El compromiso estético y ético que implica la práctica artística se ha relegado a un plano más superficial, en donde el contenido nos señala una visión supuestamente crítica, pero su forma reposa en gestos repetitivos, y ya degenerados en los síntomas de un agotamiento visual, como se puede evidenciar en eventos de gran envergadura como ARTBO, cuyo único aliciente suele ser la sección Arte Cámara destinada a propuestas que pueden transgredir ciertos códigos, aunque claro, en la medida en que se ajustan como una diferencia domesticable. La búsqueda de la transgresión, como alguna vez lo significó para el formato del videoarte, consistiría en una fisura desde el medio visual y su puesta en escena, para explorar otras maneras de relatar nuestro acontecer desde posibilidades que escapan al consumo regulado de lo visual, aunque años más tarde, irremediablemente este resplandor sea regularizado. Un importante foco de sublevación está presente en eventos que mantienen cierta independencia de los circuitos capitalinos. Tal es el caso de “Para verte mejor”,2 una muestra periférica que a pesar de no contar con un juicioso ejercicio de investigación y divulgación, va más allá que algunos eventos de alto reconocimiento y presupuesto, en tanto espacio de experimentación. Su formato no está supeditado a un calculado plan curatorial, sino que responde a un trabajo orgánico y abierto a constantes modificaciones incluso una vez la exposición ya está en marcha: no hay nada fijo, las obras y los sentidos pueden fluctuar. De esta manera, “Para verte mejor” logra fisurar la condición ritual y artificiosa del espacio del museo o la galería, para situarse como un laboratorio, como un ejercicio visual entre conocidos que —consciente o inconscientemente— experimenta y se involucra de una manera más humana con las dinámicas expositivas de la imagen en movimiento. En esos afectos hay sublevación.

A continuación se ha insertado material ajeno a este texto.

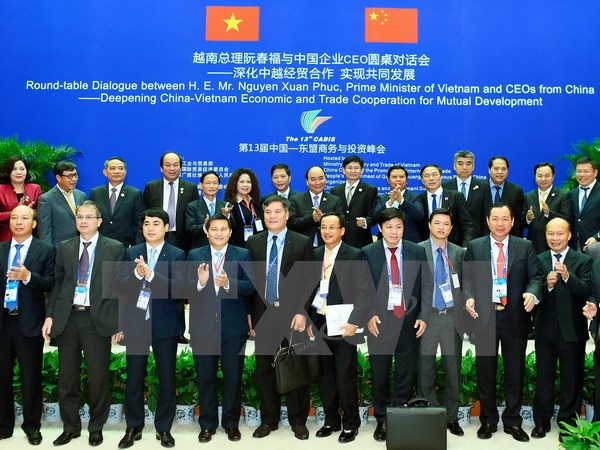 Thủ tướng Nguyễn Xuân Phúc đối thoại với các CEO hàng đầu Trung Quốc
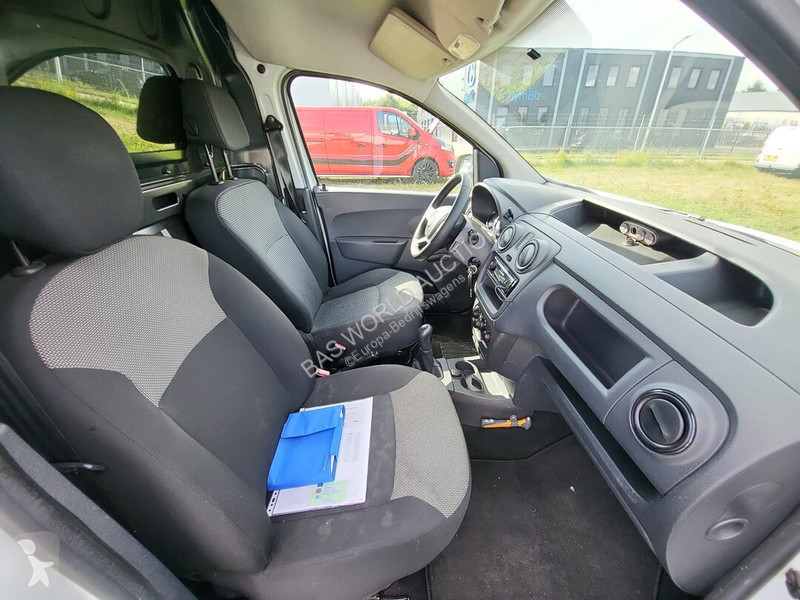 Furgoneta Dacia 75PK
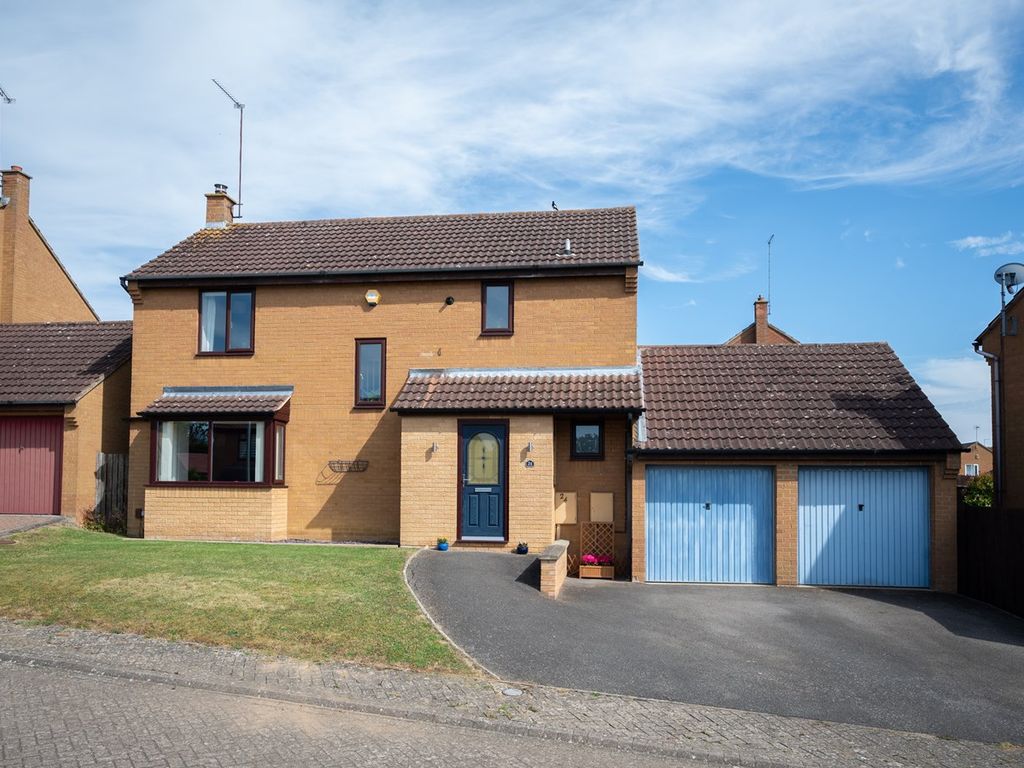 4 bed detached house for sale in Aviemore Gardens, Northampton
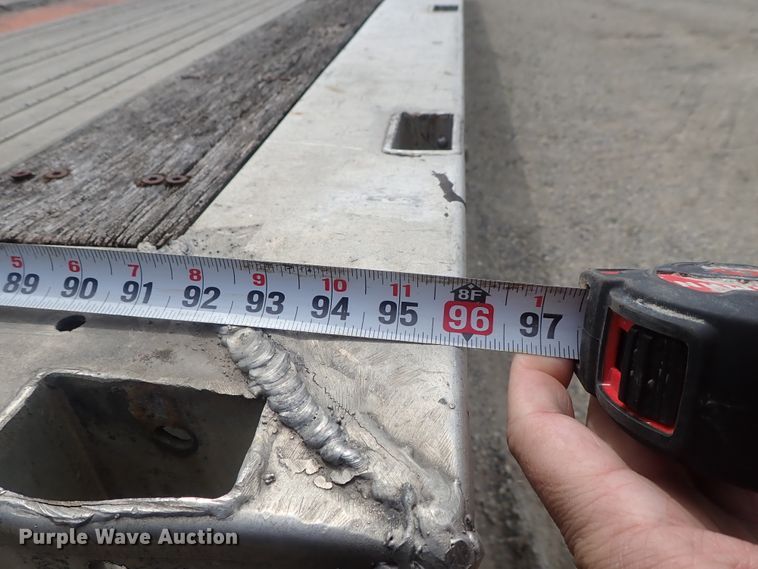 image for item DG3065 1994 Featherlite 1010 flatbed trailer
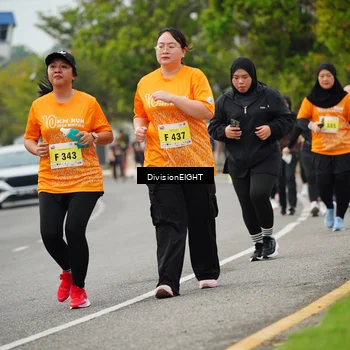 Runner Photo 8490982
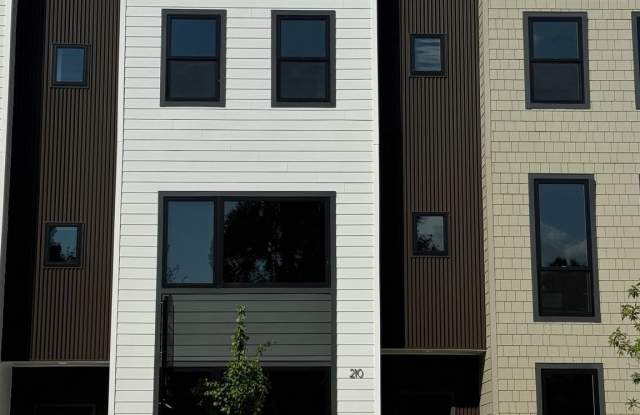 210 E PICCADILLY Street photos photos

Lo importante son esos momentos que nos quedan, esa arqueología de la imagen en movimiento que mantiene el deseo a flor de piel cada vez que repasamos sus caminos, en ocasiones desde el prejuicio y la exclusión tan propios de los relatos históricos. La imagen en movimiento, es la metáfora de nuestros ojos aleteando ante las vibraciones de la historia sobre una superficie en reverberación.